> _What the exercise asks_: Beginning with the line that has "Set para Decoración de Mesas Dulces Star Wars Villanos Set", please write out the remaining lines of the material exactly, the last one included.
── Data ──
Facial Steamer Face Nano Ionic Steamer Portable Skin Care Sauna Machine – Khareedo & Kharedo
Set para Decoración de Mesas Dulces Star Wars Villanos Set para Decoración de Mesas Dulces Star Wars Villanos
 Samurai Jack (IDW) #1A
───
> _Answer section_:
Set para Decoración de Mesas Dulces Star Wars Villanos Set para Decoración de Mesas Dulces Star Wars Villanos
 Samurai Jack (IDW) #1A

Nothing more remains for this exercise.